::: Records supplied :::

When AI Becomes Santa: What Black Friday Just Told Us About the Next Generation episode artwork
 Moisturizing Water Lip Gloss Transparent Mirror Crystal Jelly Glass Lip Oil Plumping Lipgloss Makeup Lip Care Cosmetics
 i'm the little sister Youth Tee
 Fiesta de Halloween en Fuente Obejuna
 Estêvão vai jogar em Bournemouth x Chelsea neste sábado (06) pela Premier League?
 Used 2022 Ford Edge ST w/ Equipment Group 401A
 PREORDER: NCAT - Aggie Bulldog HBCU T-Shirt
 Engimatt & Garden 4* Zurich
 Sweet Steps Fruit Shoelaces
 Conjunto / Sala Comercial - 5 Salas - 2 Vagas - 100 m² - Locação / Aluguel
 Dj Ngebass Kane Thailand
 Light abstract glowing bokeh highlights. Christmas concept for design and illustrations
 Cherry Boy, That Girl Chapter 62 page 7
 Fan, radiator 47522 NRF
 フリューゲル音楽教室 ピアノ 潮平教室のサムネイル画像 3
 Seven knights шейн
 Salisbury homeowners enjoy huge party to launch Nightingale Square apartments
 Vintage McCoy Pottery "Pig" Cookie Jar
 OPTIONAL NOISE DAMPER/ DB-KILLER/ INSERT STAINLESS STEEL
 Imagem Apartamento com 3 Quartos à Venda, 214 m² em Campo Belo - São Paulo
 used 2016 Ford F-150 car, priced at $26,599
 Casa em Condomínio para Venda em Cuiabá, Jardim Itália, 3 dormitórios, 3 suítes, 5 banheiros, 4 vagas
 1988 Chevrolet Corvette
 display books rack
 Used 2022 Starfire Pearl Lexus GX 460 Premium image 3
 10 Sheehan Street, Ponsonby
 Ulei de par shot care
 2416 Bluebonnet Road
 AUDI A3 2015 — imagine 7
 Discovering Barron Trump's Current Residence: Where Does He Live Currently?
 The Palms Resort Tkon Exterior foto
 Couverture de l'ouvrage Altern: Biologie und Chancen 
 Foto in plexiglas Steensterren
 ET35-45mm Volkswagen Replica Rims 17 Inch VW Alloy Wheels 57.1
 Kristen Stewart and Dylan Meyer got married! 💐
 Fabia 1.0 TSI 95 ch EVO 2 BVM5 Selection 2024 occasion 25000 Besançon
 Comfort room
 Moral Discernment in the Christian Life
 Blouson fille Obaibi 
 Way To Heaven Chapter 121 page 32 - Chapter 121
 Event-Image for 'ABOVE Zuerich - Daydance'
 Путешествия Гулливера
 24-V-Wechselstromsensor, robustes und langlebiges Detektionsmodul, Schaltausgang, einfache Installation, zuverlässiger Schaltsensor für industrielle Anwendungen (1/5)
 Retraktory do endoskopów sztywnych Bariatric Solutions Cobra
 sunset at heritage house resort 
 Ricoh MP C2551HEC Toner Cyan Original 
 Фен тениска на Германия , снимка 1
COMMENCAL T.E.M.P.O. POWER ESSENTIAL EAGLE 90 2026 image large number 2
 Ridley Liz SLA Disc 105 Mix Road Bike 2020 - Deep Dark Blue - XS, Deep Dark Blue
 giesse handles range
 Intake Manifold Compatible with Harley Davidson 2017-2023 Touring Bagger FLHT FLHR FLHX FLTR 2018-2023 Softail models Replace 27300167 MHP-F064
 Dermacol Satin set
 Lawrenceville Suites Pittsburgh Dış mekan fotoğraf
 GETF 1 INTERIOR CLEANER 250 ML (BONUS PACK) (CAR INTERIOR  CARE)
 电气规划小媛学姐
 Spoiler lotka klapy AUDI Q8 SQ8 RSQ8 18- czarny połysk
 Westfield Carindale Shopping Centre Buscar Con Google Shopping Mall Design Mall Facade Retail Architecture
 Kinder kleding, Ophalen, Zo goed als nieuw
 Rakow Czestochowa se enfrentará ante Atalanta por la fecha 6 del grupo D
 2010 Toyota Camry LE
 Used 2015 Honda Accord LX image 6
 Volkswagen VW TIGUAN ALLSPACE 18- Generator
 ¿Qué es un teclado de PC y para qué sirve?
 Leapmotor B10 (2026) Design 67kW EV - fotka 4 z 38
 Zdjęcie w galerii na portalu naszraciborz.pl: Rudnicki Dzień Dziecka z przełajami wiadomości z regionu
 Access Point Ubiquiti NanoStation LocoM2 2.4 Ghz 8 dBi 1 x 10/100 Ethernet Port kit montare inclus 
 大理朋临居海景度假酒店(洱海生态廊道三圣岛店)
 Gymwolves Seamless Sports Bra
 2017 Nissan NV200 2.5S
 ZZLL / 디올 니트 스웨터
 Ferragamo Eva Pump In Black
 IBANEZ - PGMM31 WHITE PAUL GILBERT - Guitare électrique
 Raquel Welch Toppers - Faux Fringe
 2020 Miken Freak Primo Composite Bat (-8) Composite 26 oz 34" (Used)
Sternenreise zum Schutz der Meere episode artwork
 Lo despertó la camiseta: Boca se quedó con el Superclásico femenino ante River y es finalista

:::

• Work request:
Copy out each line of the listing where the string "Ford" appears.

• Solution for this problem:
 Used 2022 Ford Edge ST w/ Equipment Group 401A
 used 2016 Ford F-150 car, priced at $26,599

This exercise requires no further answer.